Labor should listen to the critics of its policy, cut its losses and abandon the changes to negative gearing and capital gains tax.
Chris Bowen has said in recent days Labor will take the policy unchanged to the election. This would be a mistake and cause significant damage to Australia's housing market.
Josh Frydenberg is the Federal Treasurer
FIX NEGATIVE GEARING TO GET FAIRER HOUSING - Shadow Treasurer Chris Bowen
The more desperate a government becomes the shriller scare campaigns tend to get, which is exactly what we are seeing with the Liberal Party's renewed attacks on Labor's responsible negative gearing reforms.

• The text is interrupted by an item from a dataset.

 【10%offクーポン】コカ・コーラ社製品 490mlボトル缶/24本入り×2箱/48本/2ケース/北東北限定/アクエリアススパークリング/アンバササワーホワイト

The housing market has been a source of great frustration for younger families in places like Sydney. Home ownership is at its lowest point across Australia in 60 years. The Labor Party recognises this. The Liberal Party doesn't. They are simply out of touch.
Labor's policy to restrict negative gearing to new homes will level the playing field so first home buyers and young Australians can realise the great Australian dream of owning their own home.
Labor wants to level the playing field so first homeowners don't have to compete with investors that in Australia have some of the most generous housing tax concessions in the developed world.
Labor's reforms are fully grandfathered which means that everyone that has a negatively geared investment property today will be completely unaffected by our changes.
The government wants you to believe they're standing up for battlers and working-class Australians.
But the fastest growing cohorts of people with negatively geared investment properties are those with three, four, five and six properties. The most generous tax concessions in the developed world mean wealthier investors get a subsidy from the government while first home buyers get locked out. How is that fair?
We prefer to invest in better hospitals, schools and TAFE than spend taxpayers' money helping a property speculator with their sixth or seventh investment property.
The government argues with a straight face that Labor's changes will take a "sledgehammer" to house prices at the same time that house prices in Sydney have just notched up the largest yearly fall in decades.
So price falls under the Liberal Party we're seeing now are good but any possible falls under Labor are bad? You simply can't make this stuff up.
When attacking Labor's responsible reforms, the government relies on its mates from the property sector and vested interests.
Meanwhile, Labor relies on independent experts. Well respected independent economists such as Saul Eslake have rightly said that reforming negative gearing would remove a source of upward pressure while analysis done by the Grattan Institute shows Labor's policies will have only a modest impact on prices.
This follows Treasury analysis that the government tried to conceal, which advised the government that Labor's changes would have only modest impacts.
Labor's reforms are good for home ownership, good for the budget and will make the tax system fairer. Our reforms will put first home buyers back on a level playing field. It will be left to a Labor government to improve housing affordability for all Australians.